Cidades ao redor do mundo estão empenhando esforços para adicionar alguma forma de classificação geográfica ao orçamento público. Assim os investimentos devem ser realizados de acordo com as regiões de maior vulnerabilidade. Os investimentos maiores devem ser nas áreas que mais precisam. O principal motivo para a adoção de estratégias regionalizadas de orçamentação é a necessidade de os governos combaterem as desigualdades socioespaciais, muitas vezes geradas depois de um surto de desenvolvimento nas regiões mais abastadas. Essas estratégias, ao introduzir novos critérios para o planejamento e a execução orçamentária, criam novas regras de governança que possibilitam combater outros aspectos problemáticos dos sistemas tradicionais de gestão orçamentária.

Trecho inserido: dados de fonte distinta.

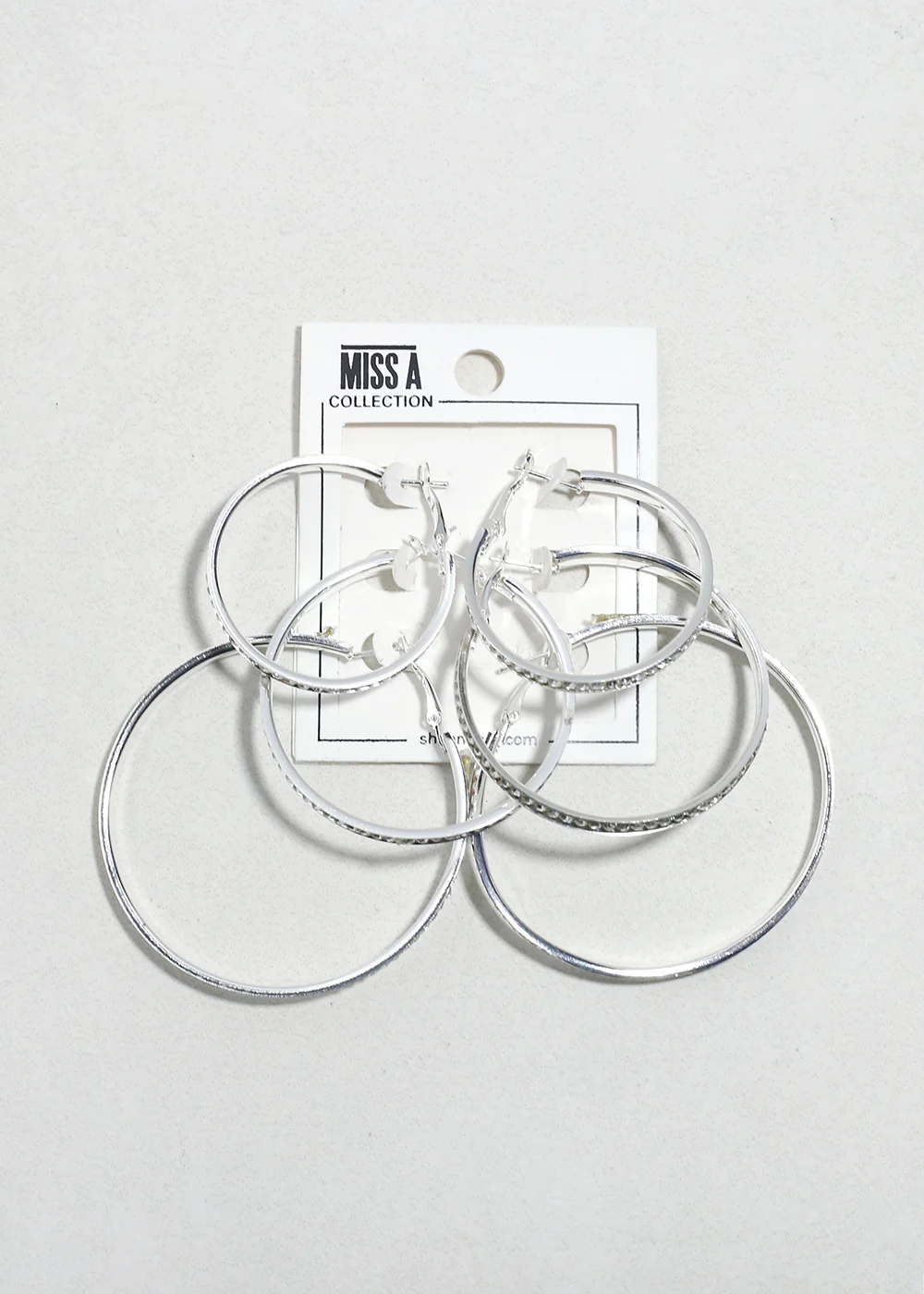 Lustre Trio Rhinestone Hoop Earrings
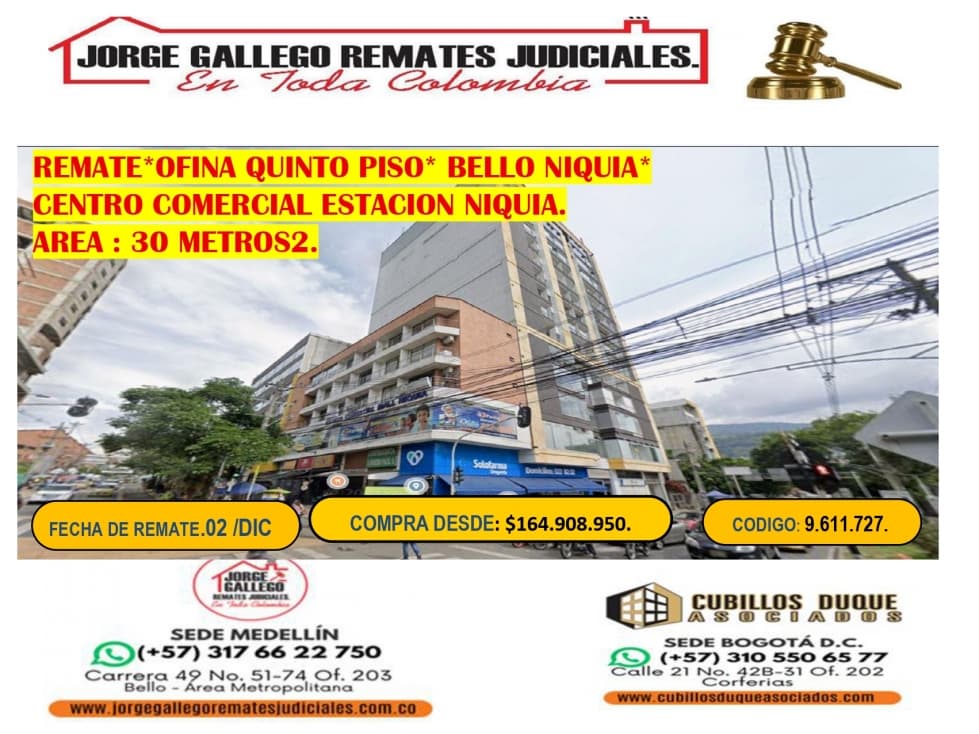 REMATE *OFICINA *BELLO NIQUIA PARTE BAJA. - 1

Outra questão comum nas cidades é uma ocupação desordenada com vazios urbanos em excesso. A conceituação do termo vazio urbano considera todos os lotes que não possuam qualquer tipo de edificação sobre eles. Maiores e menores, terrenos vazios, com alguma estrutura acabada ou inacabada, com edifícios em ruínas, prédios fechados, casas abandonadas, lojas, galpões, massas falidas, indústrias e terrenos com áreas verdes. É necessário que se mude a narrativa do caráter negativo dos vazios urbanos e se passe a interpretá-los como grandes potenciais de desenvolvimento sustentável urbano. A primeira reação ao observar a existência deles não é examinar as causas da ociosidade, mas admitir que existem boas razões para tal, sendo preferível deixar as coisas como estão.

Diversas cidades conseguiram reciclar imóveis de forma bem sucedida. Só que os vazios urbanos devem ser entendidos como espaços de possibilidade de melhorias para as cidades. Podem se transformar em novas vias de acesso para populações, serem preenchidos com infraestrutura pública, parques urbanos, corredores verdes, hortas urbanas, moradias sociais, centros comerciais, praças, escolas, creches, módulos policiais e áreas de lazer, bem como hortas comunitárias, dentre outros. Espaços que anteriormente apresentavam-se como um vazio urbano, redutos de lixo e consumo e comercialização de ilícitos, tornam-se diferencial e com outro significado para os moradores.

A cidade é um meio material e social adequado a uma maior socialização das forças produtivas e de consumo. A vida urbana induz à criação de meios coletivos. As cidades são perfeitas para duas tarefas emancipatórias: a elevação das forças produtivas e a socialização da riqueza socialmente construída. O governo municipal cumpre muitos papéis, criando novos mercados e impulsionando a adoção de novos serviços. Ele pode oferecer incentivos para apoiar empresas a fazer parcerias com outras e com a própria prefeitura, ativar polos industriais. Cada estágio de crescimento e expansão urbana corresponde, grosso modo, um nível de uma complexidade crescente na atividade industrial. Por isso a importância de fortalecer a atividade industrial no município para garantir um desenvolvimento mais consolidado e seguro.

Existem outros temas emergentes da agenda urbana que também merecem maior detalhamento, como as formas de gestão urbanas mais modernas, as cidades-esponja, mobilidade ativa, urbanismo tático, a importância dos centros e da identidade das cidades, programas de segurança pública, o papel das prefeituras no desenvolvimento econômico, blockchain, uso da Internet das Coisas e os cérebros urbanos no planejamento urbano. São questões que estão em curso no desenvolvimento de diversas cidades e que podem estar na agenda urbana atual.

É crucial esforçar-se para promover a renovação urbana. A próxima eleição municipal é uma oportunidade para avançar em propostas de desenvolvimento urbano que sejam capazes de construir cidades habitáveis, ágeis, seguras, resilientes, verdes, inteligentes e belas. O futuro da esquerda passa pelas cidades.